The Seemingly Local Detail: On Derek Mahon
Poetry London was deeply saddened to learn of Derek Mahon’s death last week, and we join with the rest of the poetry community in mourning his loss and paying tribute to his talent. He was a true great, one whose work will stand the test of time. Perhaps in Mahon’s case that last phrase takes on more than its usual clichéd resonance, for in its stringent but generous way his poetry does exactly that – tests the limits of time and history, probing at gaps and silences in the record, winnowing out the spaces ‘where a thought might grow’. Those words are from ‘A Disused Shed in Co. Wexford’, his most famous work and an enduring masterpiece of political witness in verse. Its combination of allegory, myth, descriptive realism, and transhistorical – and trans-species – sympathy still feels utterly unusual and compelling.
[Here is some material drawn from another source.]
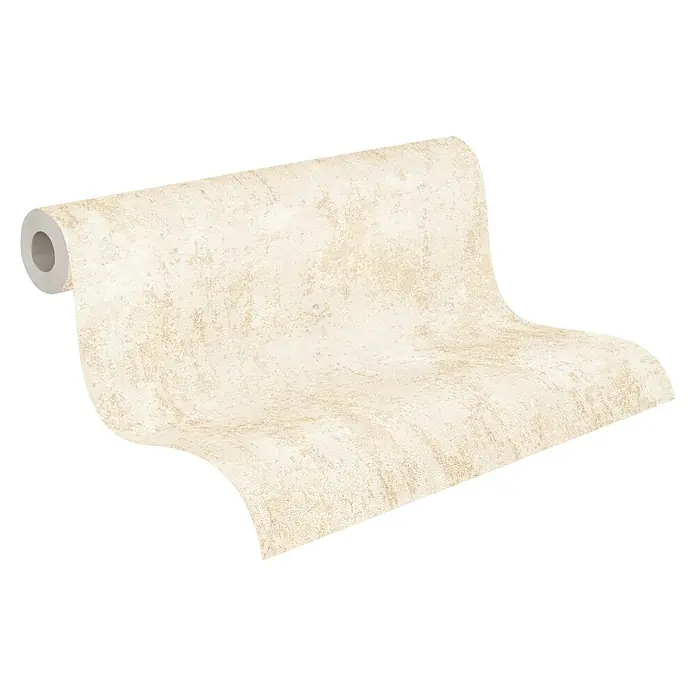 A.S. Création Metropolitan Stories Hot Spots Vliestapete Putzstruktur - Creme-Beige-Metallic, Steinoptik, 10,05 x 0,53 m - Nahaufnahme einer Rolle eleganter Vinyltapete mit einem dezenten, strukturierten Muster in sanften, natürlichen Farbtönen. Ideal für stilvolle Innenräume.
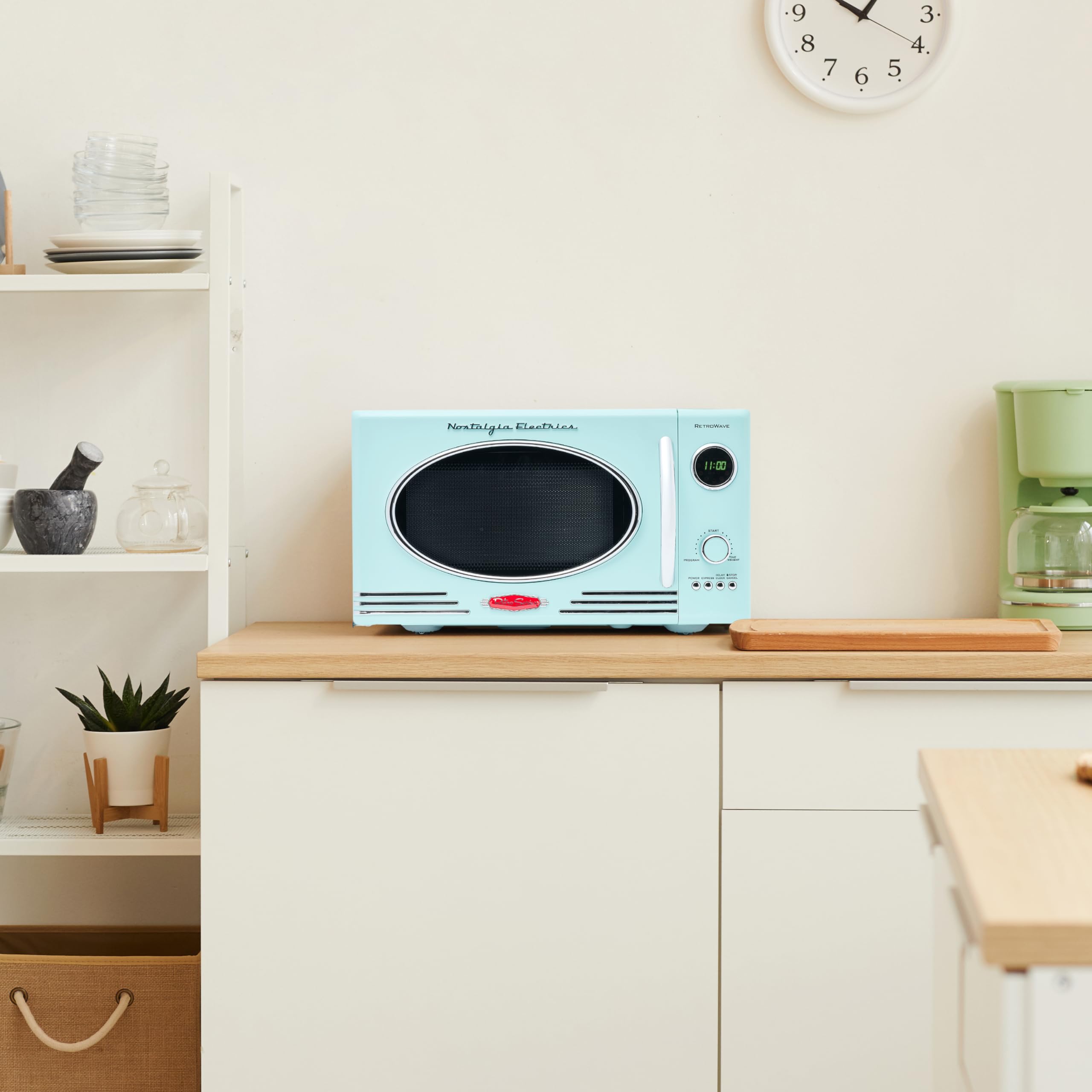 Retro Countertop Microwave Oven 800W with 12 Pre-Set Cooking Modes & Digital Clock - 0.9 Cu Ft Compact Microwave for Small Kitchen, Dorm, Office - Vintage Aqua Design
Writing in our own pages in Autumn 2006, Marilyn Hacker captures Mahon’s deep interest in history and ‘placement’:
It is not the fact that the verse, when one examines it, is crafted with every metrical expansion or rhyme furthering its project, which is remarkable, but that the poet does in these poems what novelists like Flaubert (and early Joyce) do: creates a character, his situation and history, his placement in the events of his time, with an accretion of seemingly local and domestic detail.
This reference to the ‘seemingly local and domestic detail’ put me in mind of ‘Courtyards in Delft’, the title poem of Mahon’s wonderful 1981 collection. An ekphrastic after a 1651 painting by Pieter de Hooch, the poem sings the praises of a particular attitude, or quality of attention, that is present in the best Dutch art of this era. The paintings seem to represent humdrum, transient moments in the daily record – milk being poured from a jug, a woman and her daughter emerging from a side-door – that feel too specific or bounded by place and custom to matter much, until a stray beam of sunlight catches an object in just such a way that, suddenly, it belongs to quite another moment, far away in space and time. The generic becomes deeply personal.
Yet this is life too, and the cracked Out-house door a verifiable fact As vividly mnemonic as the sunlit Railings that front the houses opposite. I lived there as a boy and know the coal Glittering in its shed, late-afternoon Lambency informing the deal table, The ceiling cradled in a radiant spoon.
These are the ‘radiant’ perspectives that Mahon’s poetry opens up, and they will continue to ramify and complicate one another for many years to come.